Jamie McCain, ELA teacher:
My major concern is why aren’t educators, who are on the forefront day-in and day-out, asked how our COLLEGE AND CAREER READY standards are working? These standards were ADAPTED to meet the needs of ALABAMA students. For the first time EVER, our reading and English classes are RIGOROUS and kids are thinking outside of the box and much more independently. They have some really great ideas, but until ACCR standards were implemented, we suppressed their ability to think.
If this bill is passed by NON-EDUCATORS, it will be detrimental to classrooms across the state. Our students will be the ones who suffer. If we want our kiddos to be competitive in a global market and become overall critical thinkers, we have to challenge them with rigorous coursework. Our current standards do just that and more.
I am disheartened and sickened by this bill!
Jane Lewis, Guidance Counselor:
I am of the opinion that this bill is nothing but political pandering..
ACCR standards are meant to teach children how to think, not necessarily what to think. If our students are going to compete with other students for scholarships and college admission using the ACT, then we need to teach the same standards that our students are being tested on; also, ACT IS our state accountability test.
If politicians are truly interested in having a positive impact on the quality of instruction, they should fully fund public schools instead of taking public funds away to provide vouchers to private schools. Lawmakers should let educators make decisions since we are the professionals in the room..

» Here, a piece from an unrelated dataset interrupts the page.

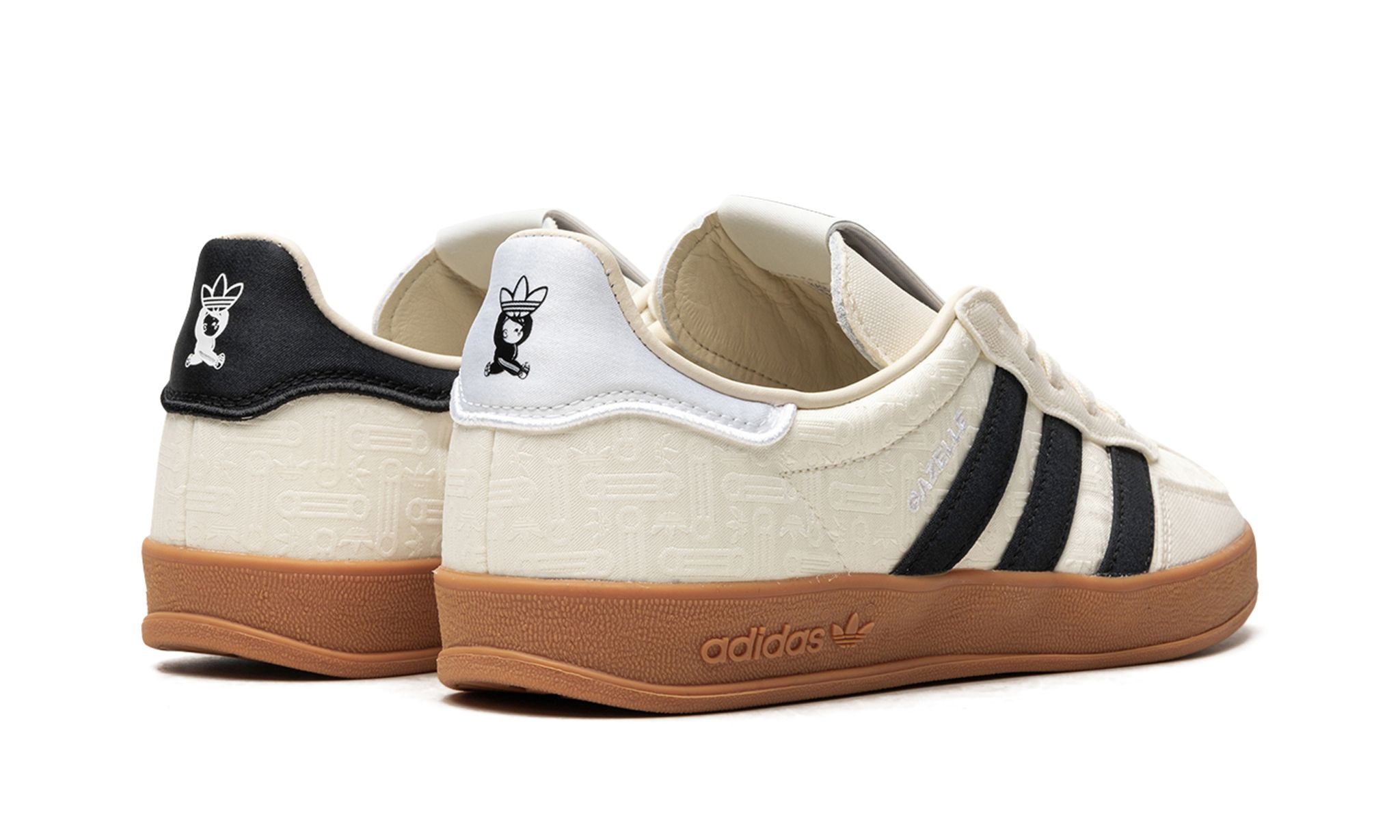 GAZELLE INDOOR "Dorophy Tang" - 3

Leslie Brotherton, Special Education teacher:
If we cannot adopt any national standards or “use any assessments aligned with them,” as the proposed bill states, then our students cannot take the ACT, SAT or any other nationally normed test, including the NAEP! How can we compare to other states if we cannot assess on national standards? Besides, how do we know the new standards the state adopts will be better than ACCR?
Chase Cotton, Math teacher
1. ACCR is not a curriculum. The masses mindlessly take a few bad examples that float around social media as the gospel as to what is going on in classrooms.
2. How many teachers have been asked about this? It seems to be nothing more than a political move to please people who have no idea what is best for our students.
Harriette Thompkins, Administrator :
The misinformation is horrendous! I just attended a meeting where the truth was not welcomed. Thankfully, we were there to debunk the misinformation. It will take away National board funding as well, because it will get rid of national standards. I absolutely disagree with this repeal effort..
I know some of our opinions seem a bit harsh and pointed, but I beg you to understand that just as a parent protects his/her child when the child is in danger, we protect our students when they are in danger. They are in danger. SB119 is putting them in danger. PLEASE VOTE NO. Our children truly, truly deserve better. And who knows the standards and the students and the school needs better than educators?
Courtney Wilburn, White Plains Middle School
2018 Alabama Middle School Principal of the Year
We need more educators doing what Courtney did. Letting legislators know what they think.